Information
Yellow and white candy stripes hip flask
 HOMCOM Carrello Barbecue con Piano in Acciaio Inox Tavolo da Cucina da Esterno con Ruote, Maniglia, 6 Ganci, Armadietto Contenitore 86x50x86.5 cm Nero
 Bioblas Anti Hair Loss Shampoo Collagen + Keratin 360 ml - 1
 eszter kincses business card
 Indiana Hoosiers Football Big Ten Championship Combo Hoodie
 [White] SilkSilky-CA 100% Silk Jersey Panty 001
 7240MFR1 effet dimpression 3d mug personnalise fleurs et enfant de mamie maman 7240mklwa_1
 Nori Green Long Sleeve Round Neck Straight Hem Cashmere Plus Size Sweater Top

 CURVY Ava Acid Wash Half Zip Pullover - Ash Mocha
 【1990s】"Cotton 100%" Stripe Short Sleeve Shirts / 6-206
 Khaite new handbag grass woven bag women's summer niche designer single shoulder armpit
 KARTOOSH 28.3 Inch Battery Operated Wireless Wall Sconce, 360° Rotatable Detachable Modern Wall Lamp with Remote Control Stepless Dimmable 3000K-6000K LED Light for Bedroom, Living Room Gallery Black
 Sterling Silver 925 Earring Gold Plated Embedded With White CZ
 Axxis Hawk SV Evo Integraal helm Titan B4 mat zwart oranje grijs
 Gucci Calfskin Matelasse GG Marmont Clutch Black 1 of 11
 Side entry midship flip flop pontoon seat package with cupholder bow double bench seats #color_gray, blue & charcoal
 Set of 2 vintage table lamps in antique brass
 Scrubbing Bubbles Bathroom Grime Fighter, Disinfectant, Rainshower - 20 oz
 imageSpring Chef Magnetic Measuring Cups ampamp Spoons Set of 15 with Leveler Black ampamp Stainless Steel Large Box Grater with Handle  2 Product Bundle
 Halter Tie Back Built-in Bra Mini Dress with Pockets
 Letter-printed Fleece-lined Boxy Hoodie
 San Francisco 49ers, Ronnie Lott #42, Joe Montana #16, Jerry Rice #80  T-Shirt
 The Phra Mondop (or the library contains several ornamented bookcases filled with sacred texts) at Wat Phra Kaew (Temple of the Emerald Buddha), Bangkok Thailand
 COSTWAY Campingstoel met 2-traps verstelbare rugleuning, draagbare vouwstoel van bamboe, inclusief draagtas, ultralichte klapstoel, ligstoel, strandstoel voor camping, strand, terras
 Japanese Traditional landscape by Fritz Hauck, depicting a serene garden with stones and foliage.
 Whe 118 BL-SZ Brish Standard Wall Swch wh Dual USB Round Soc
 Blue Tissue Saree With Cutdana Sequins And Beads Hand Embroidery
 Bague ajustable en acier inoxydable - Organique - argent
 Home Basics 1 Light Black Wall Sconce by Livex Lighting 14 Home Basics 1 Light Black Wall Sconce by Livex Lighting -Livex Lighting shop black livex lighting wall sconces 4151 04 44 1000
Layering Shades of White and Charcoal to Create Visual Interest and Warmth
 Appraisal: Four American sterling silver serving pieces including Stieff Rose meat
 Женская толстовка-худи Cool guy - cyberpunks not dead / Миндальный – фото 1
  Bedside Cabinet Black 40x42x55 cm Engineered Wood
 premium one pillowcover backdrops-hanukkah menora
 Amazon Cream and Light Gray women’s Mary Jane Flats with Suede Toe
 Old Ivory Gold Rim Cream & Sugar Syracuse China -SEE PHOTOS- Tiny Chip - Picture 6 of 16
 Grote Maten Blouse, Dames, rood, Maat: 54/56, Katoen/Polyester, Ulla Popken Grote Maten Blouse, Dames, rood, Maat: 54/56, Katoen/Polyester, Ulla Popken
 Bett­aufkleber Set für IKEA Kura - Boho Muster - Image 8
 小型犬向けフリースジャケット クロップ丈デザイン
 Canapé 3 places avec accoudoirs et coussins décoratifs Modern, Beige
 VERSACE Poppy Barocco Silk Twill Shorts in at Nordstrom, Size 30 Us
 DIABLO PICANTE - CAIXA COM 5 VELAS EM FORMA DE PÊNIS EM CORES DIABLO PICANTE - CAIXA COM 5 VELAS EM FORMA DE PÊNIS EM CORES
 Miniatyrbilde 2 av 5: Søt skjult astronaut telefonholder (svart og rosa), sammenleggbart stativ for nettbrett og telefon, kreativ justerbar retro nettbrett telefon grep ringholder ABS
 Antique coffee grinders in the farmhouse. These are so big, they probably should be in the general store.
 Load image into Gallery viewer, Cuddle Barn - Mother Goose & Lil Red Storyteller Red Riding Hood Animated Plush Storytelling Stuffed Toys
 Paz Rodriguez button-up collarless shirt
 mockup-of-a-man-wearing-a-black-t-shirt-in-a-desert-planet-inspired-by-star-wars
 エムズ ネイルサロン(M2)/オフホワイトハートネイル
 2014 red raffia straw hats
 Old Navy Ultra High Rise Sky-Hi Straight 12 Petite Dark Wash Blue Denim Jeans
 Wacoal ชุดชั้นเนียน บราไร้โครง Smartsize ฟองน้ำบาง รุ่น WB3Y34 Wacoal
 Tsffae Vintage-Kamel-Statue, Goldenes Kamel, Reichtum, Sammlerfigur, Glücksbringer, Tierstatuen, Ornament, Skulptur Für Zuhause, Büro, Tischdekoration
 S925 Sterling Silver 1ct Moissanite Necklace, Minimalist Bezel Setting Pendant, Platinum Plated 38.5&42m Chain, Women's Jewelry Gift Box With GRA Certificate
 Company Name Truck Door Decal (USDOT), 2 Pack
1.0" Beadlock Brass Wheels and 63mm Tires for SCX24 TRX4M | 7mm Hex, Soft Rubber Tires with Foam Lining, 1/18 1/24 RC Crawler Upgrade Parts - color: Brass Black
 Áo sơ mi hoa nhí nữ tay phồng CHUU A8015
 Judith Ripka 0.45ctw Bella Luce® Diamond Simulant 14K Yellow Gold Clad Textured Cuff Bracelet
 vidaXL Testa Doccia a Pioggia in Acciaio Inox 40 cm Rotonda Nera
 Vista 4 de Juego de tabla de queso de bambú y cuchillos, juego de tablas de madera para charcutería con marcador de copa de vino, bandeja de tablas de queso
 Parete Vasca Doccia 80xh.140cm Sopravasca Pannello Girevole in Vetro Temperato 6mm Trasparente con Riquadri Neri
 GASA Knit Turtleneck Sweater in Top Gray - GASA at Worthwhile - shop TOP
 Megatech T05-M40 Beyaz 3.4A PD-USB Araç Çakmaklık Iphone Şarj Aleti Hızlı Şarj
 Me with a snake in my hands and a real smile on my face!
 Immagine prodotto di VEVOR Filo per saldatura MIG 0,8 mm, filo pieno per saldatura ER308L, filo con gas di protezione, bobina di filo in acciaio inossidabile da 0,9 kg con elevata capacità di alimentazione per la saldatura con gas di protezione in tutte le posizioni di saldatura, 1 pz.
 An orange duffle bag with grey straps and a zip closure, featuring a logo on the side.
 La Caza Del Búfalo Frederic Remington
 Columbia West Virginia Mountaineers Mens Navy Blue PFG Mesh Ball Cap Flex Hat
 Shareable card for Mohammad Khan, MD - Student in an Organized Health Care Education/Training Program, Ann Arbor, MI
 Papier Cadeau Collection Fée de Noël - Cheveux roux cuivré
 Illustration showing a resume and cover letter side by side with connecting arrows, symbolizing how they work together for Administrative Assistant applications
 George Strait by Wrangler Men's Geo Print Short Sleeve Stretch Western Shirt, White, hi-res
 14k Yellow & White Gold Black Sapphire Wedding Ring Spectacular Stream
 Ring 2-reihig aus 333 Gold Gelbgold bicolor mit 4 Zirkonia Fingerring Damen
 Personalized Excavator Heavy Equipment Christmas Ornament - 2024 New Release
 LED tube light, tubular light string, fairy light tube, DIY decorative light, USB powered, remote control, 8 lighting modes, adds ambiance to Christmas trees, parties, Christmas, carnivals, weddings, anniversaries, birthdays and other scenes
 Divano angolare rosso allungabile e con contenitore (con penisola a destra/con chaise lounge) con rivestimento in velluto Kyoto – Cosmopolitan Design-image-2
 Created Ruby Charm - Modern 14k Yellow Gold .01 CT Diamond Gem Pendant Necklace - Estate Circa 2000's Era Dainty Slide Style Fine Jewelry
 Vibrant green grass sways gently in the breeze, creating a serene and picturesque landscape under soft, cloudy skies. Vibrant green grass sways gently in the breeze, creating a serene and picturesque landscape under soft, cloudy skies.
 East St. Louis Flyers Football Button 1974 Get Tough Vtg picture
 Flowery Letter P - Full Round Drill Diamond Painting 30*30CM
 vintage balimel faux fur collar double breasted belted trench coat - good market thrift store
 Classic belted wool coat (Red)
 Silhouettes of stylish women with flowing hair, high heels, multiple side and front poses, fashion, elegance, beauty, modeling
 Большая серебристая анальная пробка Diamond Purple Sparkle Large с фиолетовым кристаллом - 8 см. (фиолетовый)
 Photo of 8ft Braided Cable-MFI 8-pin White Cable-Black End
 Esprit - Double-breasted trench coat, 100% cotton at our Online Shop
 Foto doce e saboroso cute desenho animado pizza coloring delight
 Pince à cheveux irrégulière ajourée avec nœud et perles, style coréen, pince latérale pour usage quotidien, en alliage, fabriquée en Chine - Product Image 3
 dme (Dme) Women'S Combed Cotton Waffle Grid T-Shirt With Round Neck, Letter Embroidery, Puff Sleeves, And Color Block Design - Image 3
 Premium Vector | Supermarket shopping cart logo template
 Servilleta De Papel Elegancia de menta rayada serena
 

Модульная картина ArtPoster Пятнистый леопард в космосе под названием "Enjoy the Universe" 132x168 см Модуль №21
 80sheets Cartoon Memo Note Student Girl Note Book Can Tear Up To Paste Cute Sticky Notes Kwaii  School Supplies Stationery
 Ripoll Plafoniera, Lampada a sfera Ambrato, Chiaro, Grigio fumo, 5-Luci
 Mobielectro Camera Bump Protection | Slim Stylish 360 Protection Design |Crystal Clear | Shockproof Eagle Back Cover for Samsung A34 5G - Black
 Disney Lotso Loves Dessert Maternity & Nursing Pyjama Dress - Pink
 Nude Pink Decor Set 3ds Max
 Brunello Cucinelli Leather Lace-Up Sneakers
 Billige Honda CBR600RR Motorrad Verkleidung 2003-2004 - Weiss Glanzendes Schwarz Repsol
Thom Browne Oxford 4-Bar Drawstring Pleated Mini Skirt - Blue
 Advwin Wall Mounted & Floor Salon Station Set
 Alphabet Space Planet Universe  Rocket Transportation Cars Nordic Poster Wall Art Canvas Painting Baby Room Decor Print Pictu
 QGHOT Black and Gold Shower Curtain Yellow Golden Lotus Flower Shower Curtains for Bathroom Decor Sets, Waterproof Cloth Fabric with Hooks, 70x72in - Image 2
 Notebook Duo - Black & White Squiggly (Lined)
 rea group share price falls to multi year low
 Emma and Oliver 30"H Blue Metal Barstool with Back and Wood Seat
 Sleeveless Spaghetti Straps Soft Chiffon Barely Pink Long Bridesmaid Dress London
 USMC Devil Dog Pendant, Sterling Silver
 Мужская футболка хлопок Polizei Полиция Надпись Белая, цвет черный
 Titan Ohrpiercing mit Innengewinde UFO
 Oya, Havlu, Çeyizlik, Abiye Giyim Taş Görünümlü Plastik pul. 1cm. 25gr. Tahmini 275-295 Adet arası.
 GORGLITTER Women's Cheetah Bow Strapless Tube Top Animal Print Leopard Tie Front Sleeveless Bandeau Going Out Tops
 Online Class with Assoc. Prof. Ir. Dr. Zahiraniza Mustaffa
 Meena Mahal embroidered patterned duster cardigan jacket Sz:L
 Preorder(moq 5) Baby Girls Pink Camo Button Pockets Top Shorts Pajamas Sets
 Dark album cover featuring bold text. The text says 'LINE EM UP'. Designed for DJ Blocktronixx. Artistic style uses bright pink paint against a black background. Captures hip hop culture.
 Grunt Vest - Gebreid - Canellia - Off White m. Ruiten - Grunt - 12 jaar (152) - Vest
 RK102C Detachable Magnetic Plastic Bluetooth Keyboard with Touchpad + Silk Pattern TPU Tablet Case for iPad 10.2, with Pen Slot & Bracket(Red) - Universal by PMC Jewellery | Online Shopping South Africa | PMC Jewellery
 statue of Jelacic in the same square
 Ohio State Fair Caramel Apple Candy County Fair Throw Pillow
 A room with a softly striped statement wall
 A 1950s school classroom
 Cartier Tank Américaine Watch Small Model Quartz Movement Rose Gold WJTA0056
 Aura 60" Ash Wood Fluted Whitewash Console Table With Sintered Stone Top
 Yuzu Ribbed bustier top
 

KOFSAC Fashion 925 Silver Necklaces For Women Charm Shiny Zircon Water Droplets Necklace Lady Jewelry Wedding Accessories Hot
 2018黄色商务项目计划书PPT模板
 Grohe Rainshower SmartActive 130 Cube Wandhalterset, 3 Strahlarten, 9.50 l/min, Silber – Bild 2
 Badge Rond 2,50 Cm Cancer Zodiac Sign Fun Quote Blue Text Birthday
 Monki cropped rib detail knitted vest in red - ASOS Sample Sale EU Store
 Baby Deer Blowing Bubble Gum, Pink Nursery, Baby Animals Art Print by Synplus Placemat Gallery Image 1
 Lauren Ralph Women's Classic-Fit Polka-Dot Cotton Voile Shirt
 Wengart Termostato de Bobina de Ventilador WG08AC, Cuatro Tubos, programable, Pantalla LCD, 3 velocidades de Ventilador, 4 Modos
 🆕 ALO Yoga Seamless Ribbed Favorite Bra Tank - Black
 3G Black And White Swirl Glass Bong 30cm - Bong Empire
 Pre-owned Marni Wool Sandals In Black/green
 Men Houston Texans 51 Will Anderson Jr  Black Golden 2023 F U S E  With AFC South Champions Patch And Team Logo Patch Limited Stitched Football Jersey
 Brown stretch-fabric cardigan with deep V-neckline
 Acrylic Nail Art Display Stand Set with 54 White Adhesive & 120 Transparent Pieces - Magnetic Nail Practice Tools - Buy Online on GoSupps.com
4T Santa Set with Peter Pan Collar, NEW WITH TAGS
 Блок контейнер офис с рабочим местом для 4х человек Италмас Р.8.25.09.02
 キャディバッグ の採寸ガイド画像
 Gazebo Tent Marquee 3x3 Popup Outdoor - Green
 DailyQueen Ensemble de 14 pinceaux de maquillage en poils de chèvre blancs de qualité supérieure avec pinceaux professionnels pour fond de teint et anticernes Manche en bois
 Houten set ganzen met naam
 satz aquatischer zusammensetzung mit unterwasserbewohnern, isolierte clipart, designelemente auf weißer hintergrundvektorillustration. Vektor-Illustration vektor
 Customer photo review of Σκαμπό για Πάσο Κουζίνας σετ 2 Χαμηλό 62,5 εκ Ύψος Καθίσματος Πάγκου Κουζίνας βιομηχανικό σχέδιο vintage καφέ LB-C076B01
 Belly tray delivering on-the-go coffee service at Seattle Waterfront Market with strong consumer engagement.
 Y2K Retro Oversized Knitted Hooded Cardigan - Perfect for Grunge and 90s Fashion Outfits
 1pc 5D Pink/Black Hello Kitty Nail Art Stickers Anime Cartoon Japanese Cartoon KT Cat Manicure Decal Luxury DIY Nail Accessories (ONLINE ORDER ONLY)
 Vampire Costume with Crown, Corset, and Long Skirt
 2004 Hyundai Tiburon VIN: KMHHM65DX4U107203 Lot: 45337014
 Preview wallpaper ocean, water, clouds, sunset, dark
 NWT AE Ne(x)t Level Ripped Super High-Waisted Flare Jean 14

Assignment
Look through the entries above, and wherever a line holds the string "Bathroom", copy it.

Task solution
 Scrubbing Bubbles Bathroom Grime Fighter, Disinfectant, Rainshower - 20 oz
 QGHOT Black and Gold Shower Curtain Yellow Golden Lotus Flower Shower Curtains for Bathroom Decor Sets, Waterproof Cloth Fabric with Hooks, 70x72in - Image 2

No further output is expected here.